Hoje, apenas quatro laboratórios em São Paulo, no Rio e em Minas estão habilitados para a confirmação de diagnóstico da monkeypox. Na coletiva de ontem (29), Medeiros disse que há previsão de expandir esse quantitativo para as 27 unidades federativas, mas não deu um prazo para quando isso deve acontecer.
A sugestão para ampliar a capacidade nacional de testagem e diagnóstico, assim como aprimorar o escopo clínico de investigação dos casos já tinha sido direcionada ao ministério há pelo menos duas semanas.
Com o encerramento da Sala de Situação, o enfrentamento à varíola dos macacos no Brasil foi redirecionado para o Departamento de Doenças de Condições Crônicas e Infecções Sexualmente Transmissíveis, que cuida das políticas direcionadas ao HIV, hepatites virais, tuberculose e outras doenças desse tipo na Secretaria de Vigilância em Saúde.
“O ministério tem um quadro técnico extraordinário, mas é necessário que toda essa cadeia receba o devido comando, então tenho certeza que ela vai responder”, diz Nésio Fernandes, secretário estadual de Saúde do Espírito Santo e presidente do CONASS. “Possivelmente, todos os Estados já têm transmissão comunitária e a testagem deve ser o foco agora, principalmente por não termos as vacinas.”
Fernandes diz achar difícil ter o quantitativo necessário de vacinas nos próximos meses. “Podemos nos programar para quase um ano de enfrentamento com comunicação, testagem e isolamento.” O cronograma inicial apresentado hoje pelo ministério prevê a entrega de 50 mil doses da vacina contra a varíola ao Brasil, a serem distribuídas em dois lotes de 21 e 29 mil, em setembro e novembro.
“Estamos repetindo os mesmos erros da covid”, alerta a epidemiologista Ethel Maciel, professora da Universidade Federal do Espírito Santo. “Estamos muito lentos e não conseguimos informar a população.
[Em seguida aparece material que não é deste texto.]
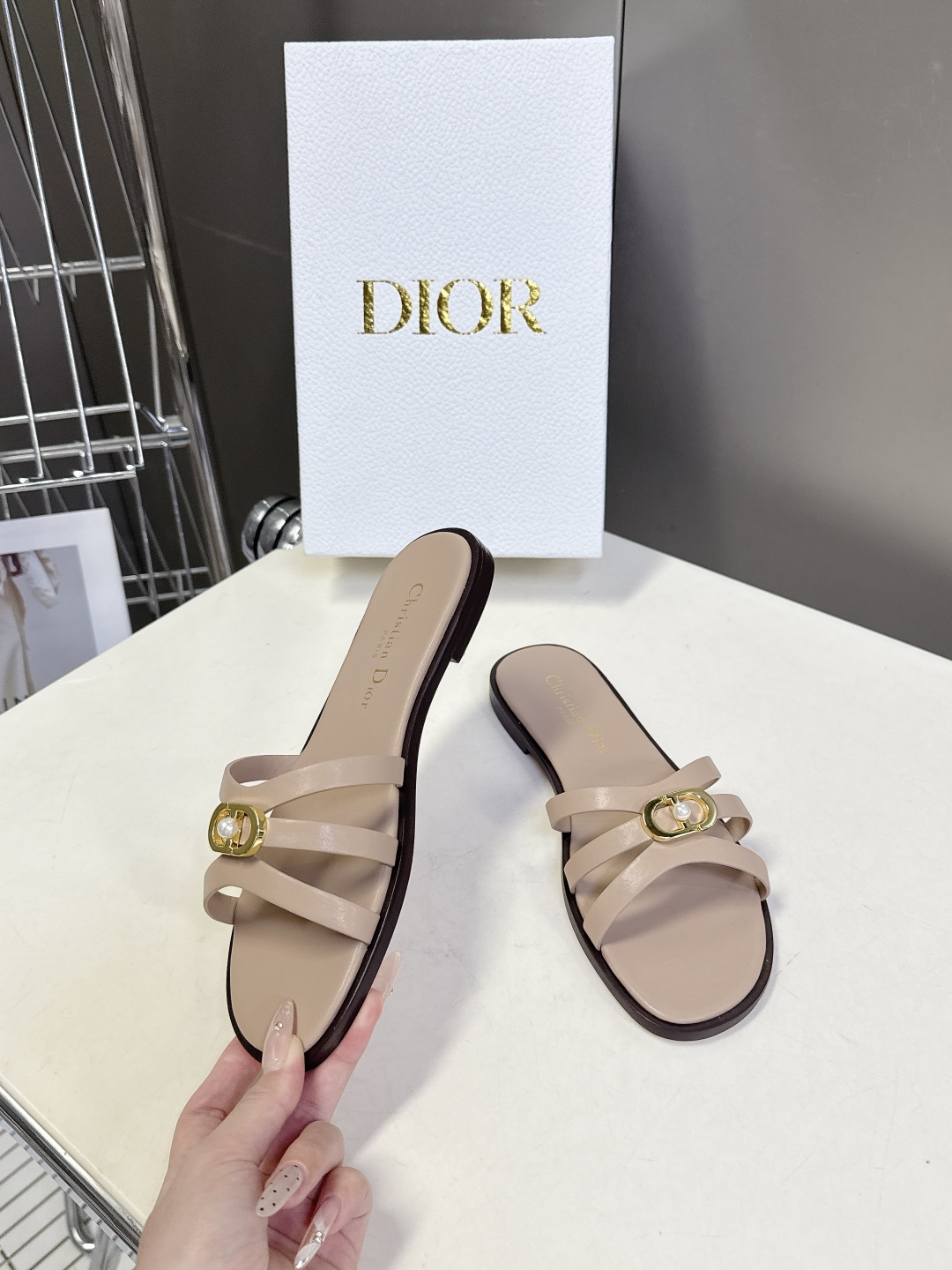 Dior迪奥2026春夏最新款CD拖鞋 超多明星时尚博主种草 春夏季必备 简约的设计 极具辨识度的品牌l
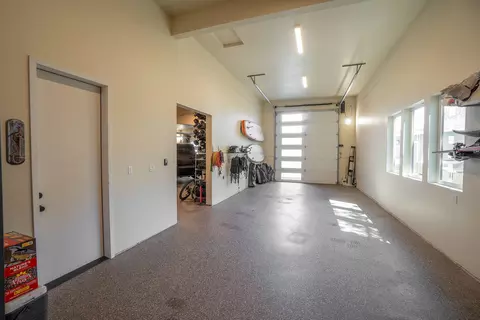 60995 SE Crane Peak Ct, Bend, OR 97702 photo 32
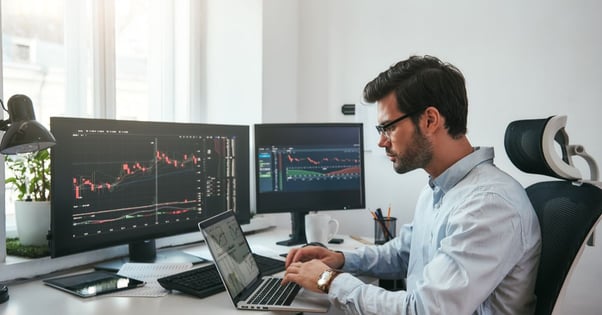 How to Trade Forex Even With a Full-time Job and Earn on the Side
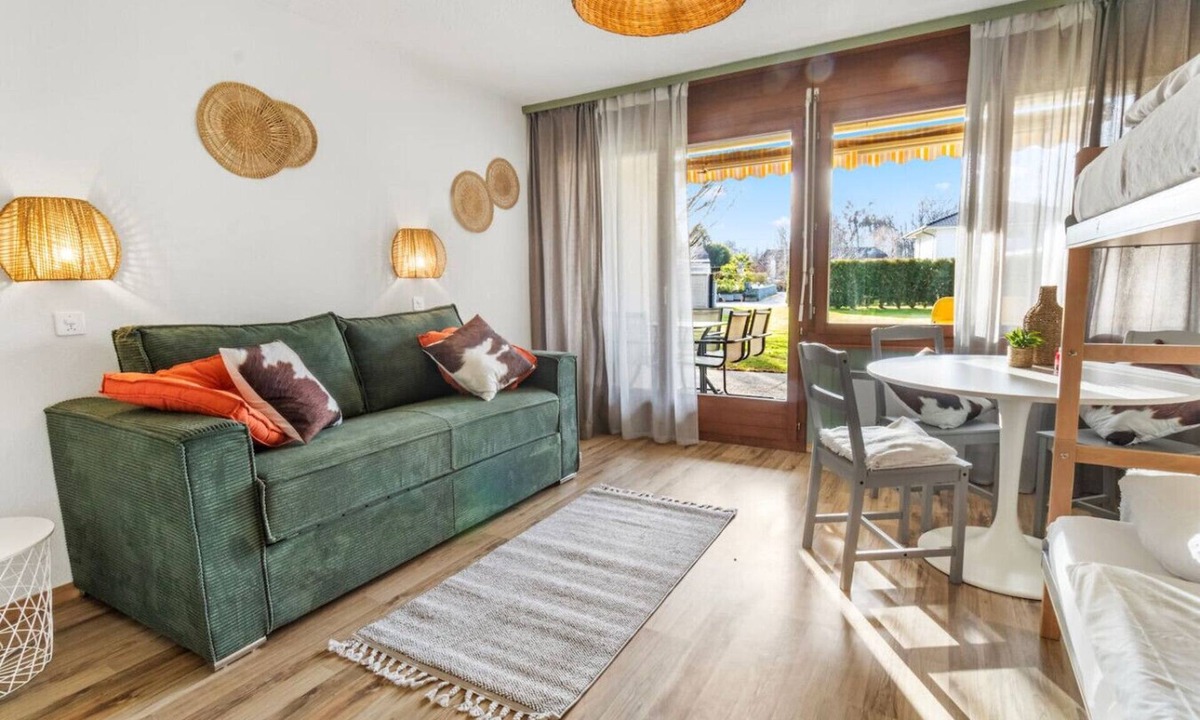 Portalban-Dessous Apartment | Charmante chambre paisible près du lac de Neuchâtel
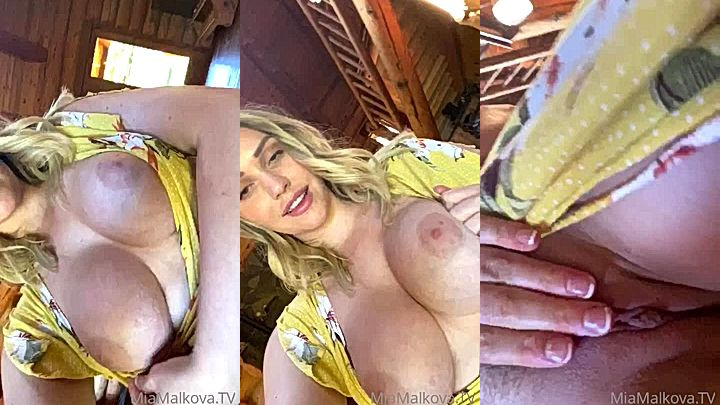 sexy onlyfans model finger her wet ass pussy(Mia Malkova)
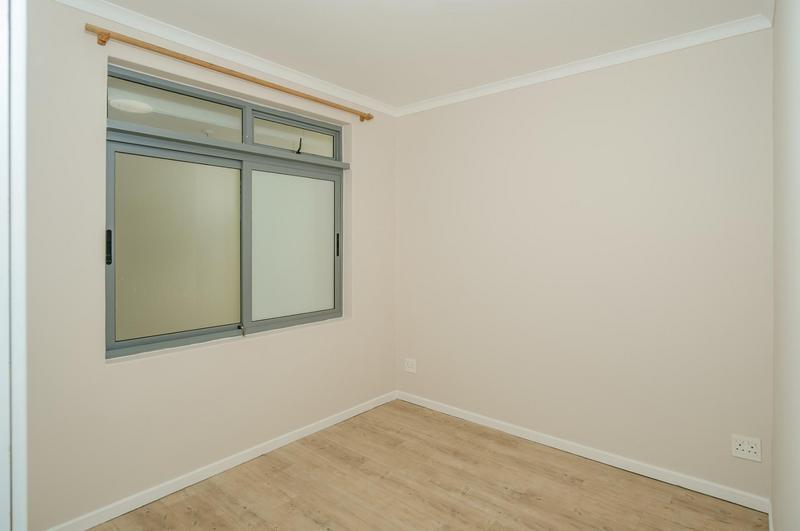 2 Bedroom Property for Sale in Muizenberg Western Cape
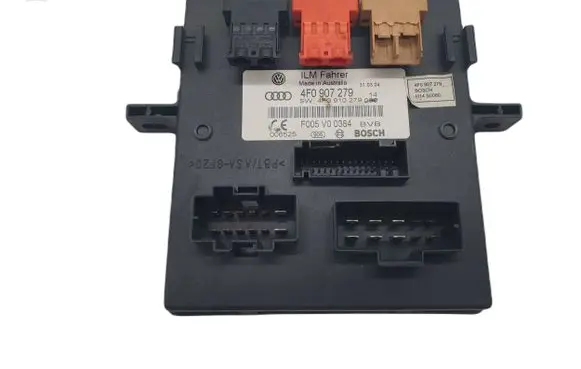 Audi Q7 4L Comfort/convenience module 4F0907279 F005V00384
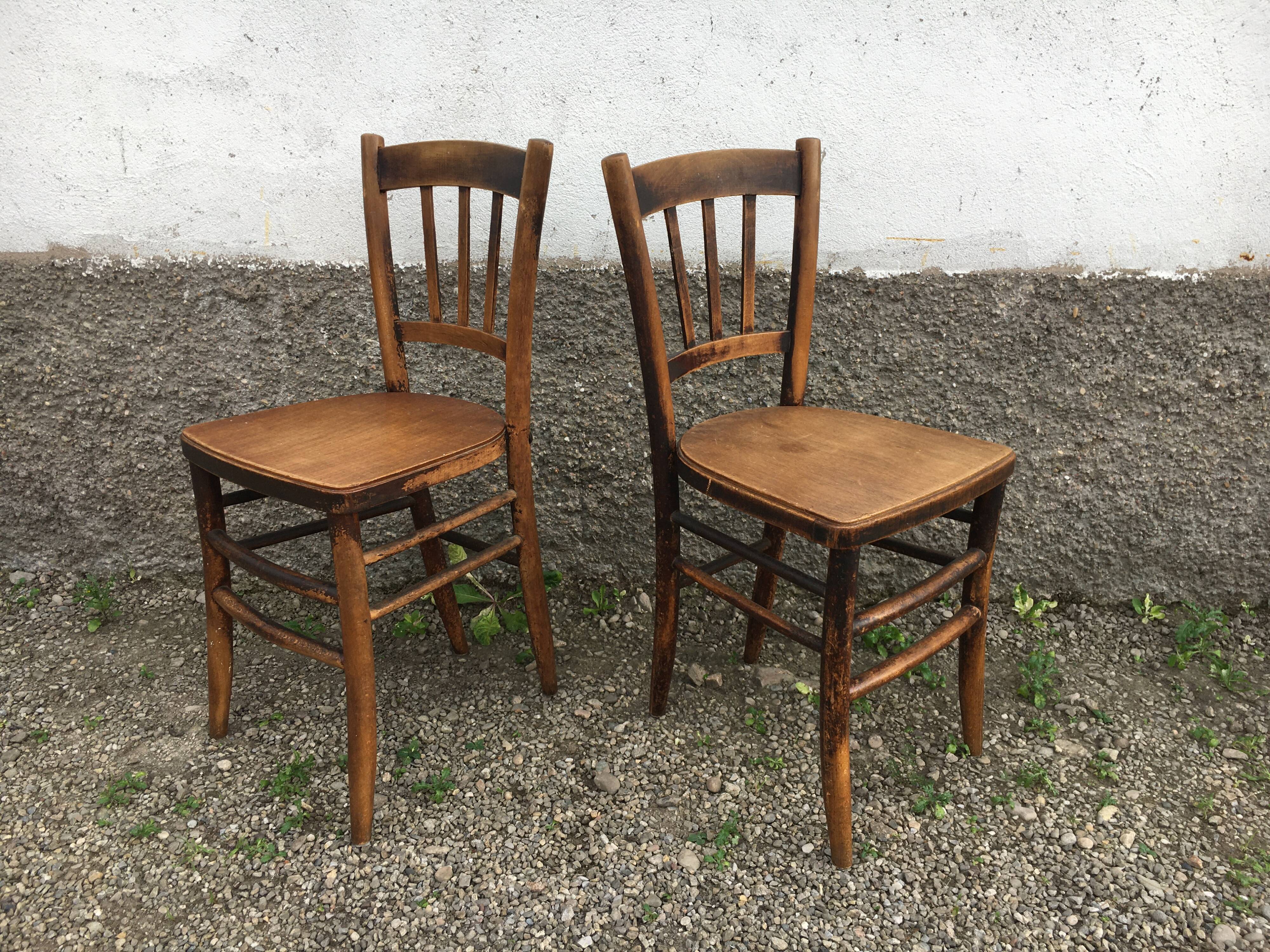 Pair of bistro chairs made of beech wood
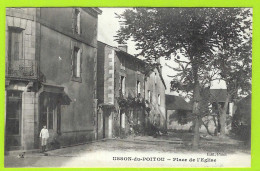 86 - USSON-DU-POITOU +++ Place De L'Eglise +++ - Other & Unclassified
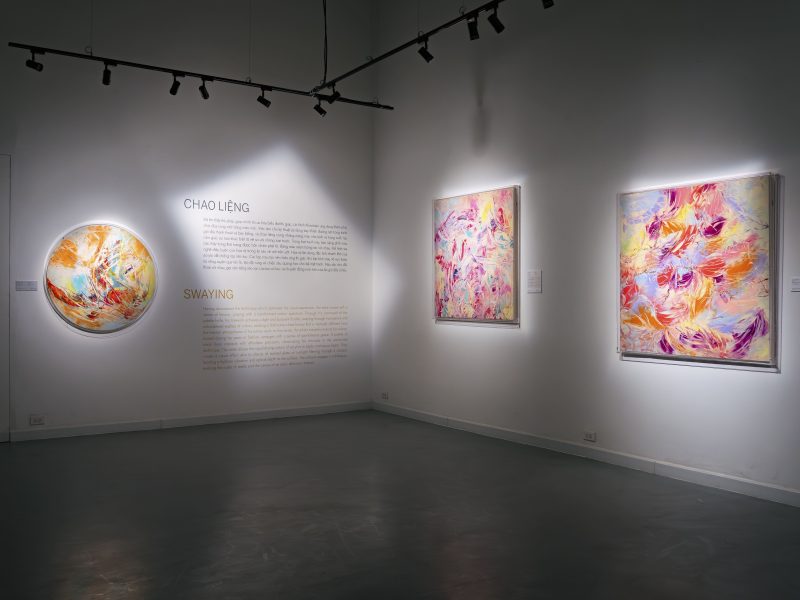 Giữa lao xao, thả mình trôi: Triển lãm cá nhân đầu tay của họa sĩ Lê Minh Khoa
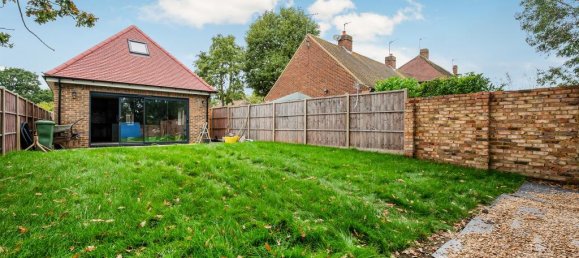 2 bedrooms Bungalow in Feltham, United Kingdom No. 9792 7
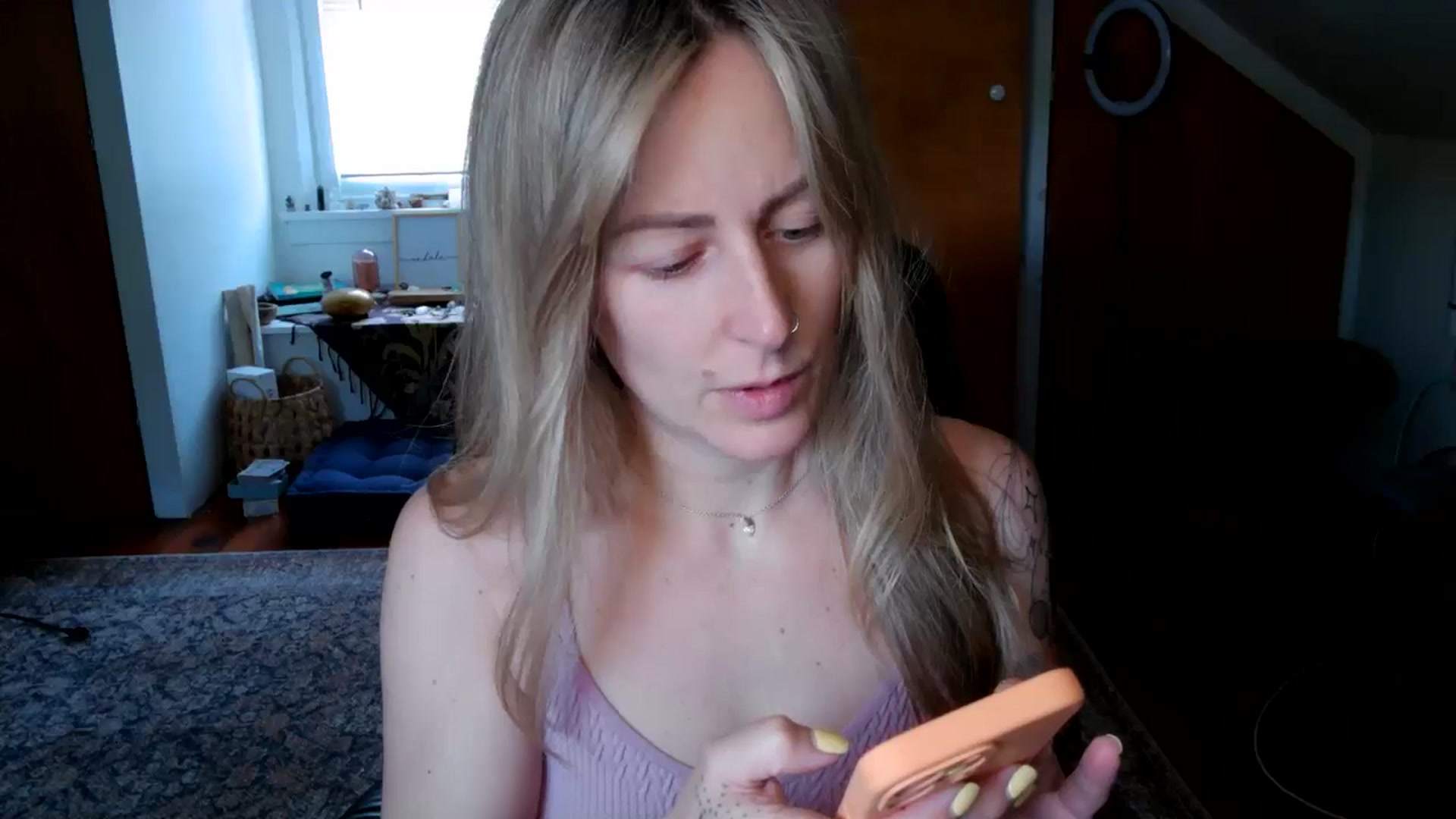 Gallery image thumbnail from Lena_bee's myfreecams stream on, 06/19/2024, 17:04 image 10 of 20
Esses casos que temos notificados são das pessoas que têm acesso melhor ao serviço e à informação, mas certamente não são todos.”
A análise é ecoada por Maria Amélia Veras, professora da Faculdade de Ciências Médicas da Santa Casa de São Paulo. “Estamos diante de uma situação no Brasil que, nos últimos tempos, temos sentido muita falta de campanhas de conscientização e orientação da população sobre saúde pública. Estamos vendo uma repetição do que aconteceu com a vacinação da covid, quando tínhamos doses e não tínhamos campanha”, aponta. “Precisamos ter comunicação clara, rede de serviços onde as pessoas possam ir e os profissionais saibam do que se trata (a monkeypox). Acabamos de ter uma nova doença e não teve treinamento adequado dos profissionais. Nesse momento, é importante que serviços de referência sejam identificados, embora não tenha que ficar restrito isso.”
Para o presidente do Conass, ainda é necessário pensar em algum tipo de seguridade social para as pessoas que se infectarem pela doença. “A comunicação de risco e suspeita clínica está defasada, assim como a nossa capacidade de poder testar. Mas suponhamos que temos uma capacidade extraordinária e ampla, como vamos fazer para que caminhoneiros, profissionais da construção civil, diaristas, professores etc. mantenham o isolamento indicado de 40 dias?”, questiona.